Work item
Of the material below, the lines to be retyped are those from the line containing "A person wearing" through the line containing "A modern bathroom", inclusive; reproduce them exactly.

———

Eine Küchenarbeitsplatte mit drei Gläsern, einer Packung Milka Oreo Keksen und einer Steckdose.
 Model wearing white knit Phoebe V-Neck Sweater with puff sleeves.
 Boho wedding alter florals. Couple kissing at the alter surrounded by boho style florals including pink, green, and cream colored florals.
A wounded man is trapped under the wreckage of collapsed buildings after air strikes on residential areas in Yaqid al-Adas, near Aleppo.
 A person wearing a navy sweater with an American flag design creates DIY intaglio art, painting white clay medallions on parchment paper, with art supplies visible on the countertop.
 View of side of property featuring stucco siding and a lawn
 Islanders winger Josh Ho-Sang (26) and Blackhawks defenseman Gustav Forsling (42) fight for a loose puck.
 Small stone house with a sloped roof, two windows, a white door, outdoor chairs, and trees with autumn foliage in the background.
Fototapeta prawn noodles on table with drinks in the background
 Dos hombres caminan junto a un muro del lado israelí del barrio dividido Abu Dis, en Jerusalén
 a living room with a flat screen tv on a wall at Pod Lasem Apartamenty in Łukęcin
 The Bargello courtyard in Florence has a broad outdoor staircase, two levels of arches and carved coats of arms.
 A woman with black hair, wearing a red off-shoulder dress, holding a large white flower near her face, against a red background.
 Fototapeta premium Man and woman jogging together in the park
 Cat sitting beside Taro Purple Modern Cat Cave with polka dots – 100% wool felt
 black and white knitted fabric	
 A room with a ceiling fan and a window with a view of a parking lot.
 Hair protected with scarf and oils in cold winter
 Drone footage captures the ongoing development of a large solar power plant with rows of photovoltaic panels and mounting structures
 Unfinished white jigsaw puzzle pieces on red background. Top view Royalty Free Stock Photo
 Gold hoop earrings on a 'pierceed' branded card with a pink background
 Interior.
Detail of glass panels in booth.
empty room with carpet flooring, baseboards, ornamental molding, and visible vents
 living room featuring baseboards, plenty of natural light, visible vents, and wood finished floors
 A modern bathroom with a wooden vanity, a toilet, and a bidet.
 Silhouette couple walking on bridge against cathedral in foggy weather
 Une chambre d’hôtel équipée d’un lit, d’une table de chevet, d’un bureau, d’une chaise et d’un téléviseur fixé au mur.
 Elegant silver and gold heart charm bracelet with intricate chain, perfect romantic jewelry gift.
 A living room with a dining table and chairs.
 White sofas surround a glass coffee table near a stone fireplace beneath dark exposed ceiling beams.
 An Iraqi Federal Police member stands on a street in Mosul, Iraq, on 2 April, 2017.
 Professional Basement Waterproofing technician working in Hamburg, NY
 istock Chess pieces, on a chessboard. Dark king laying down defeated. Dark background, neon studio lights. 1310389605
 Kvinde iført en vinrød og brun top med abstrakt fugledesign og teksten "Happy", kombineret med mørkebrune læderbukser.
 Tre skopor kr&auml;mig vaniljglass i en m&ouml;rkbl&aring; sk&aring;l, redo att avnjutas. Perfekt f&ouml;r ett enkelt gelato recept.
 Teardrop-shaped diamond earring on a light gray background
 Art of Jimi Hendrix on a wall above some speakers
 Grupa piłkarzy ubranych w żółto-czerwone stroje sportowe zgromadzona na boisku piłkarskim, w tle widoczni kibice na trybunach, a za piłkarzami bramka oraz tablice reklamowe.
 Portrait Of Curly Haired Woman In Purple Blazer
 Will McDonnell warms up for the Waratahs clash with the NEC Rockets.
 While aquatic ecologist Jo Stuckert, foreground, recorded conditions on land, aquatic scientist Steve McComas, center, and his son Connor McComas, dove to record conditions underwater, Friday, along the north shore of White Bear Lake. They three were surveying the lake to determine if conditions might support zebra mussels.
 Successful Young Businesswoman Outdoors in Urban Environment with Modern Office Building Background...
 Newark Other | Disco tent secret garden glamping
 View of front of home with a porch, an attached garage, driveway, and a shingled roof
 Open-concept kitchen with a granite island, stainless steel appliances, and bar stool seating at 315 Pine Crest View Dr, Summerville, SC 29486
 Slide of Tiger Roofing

———

Worked solution
 A person wearing a navy sweater with an American flag design creates DIY intaglio art, painting white clay medallions on parchment paper, with art supplies visible on the countertop.
 View of side of property featuring stucco siding and a lawn
 Islanders winger Josh Ho-Sang (26) and Blackhawks defenseman Gustav Forsling (42) fight for a loose puck.
 Small stone house with a sloped roof, two windows, a white door, outdoor chairs, and trees with autumn foliage in the background.
Fototapeta prawn noodles on table with drinks in the background
 Dos hombres caminan junto a un muro del lado israelí del barrio dividido Abu Dis, en Jerusalén
 a living room with a flat screen tv on a wall at Pod Lasem Apartamenty in Łukęcin
 The Bargello courtyard in Florence has a broad outdoor staircase, two levels of arches and carved coats of arms.
 A woman with black hair, wearing a red off-shoulder dress, holding a large white flower near her face, against a red background.
 Fototapeta premium Man and woman jogging together in the park
 Cat sitting beside Taro Purple Modern Cat Cave with polka dots – 100% wool felt
 black and white knitted fabric	
 A room with a ceiling fan and a window with a view of a parking lot.
 Hair protected with scarf and oils in cold winter
 Drone footage captures the ongoing development of a large solar power plant with rows of photovoltaic panels and mounting structures
 Unfinished white jigsaw puzzle pieces on red background. Top view Royalty Free Stock Photo
 Gold hoop earrings on a 'pierceed' branded card with a pink background
 Interior.
Detail of glass panels in booth.
empty room with carpet flooring, baseboards, ornamental molding, and visible vents
 living room featuring baseboards, plenty of natural light, visible vents, and wood finished floors
 A modern bathroom with a wooden vanity, a toilet, and a bidet.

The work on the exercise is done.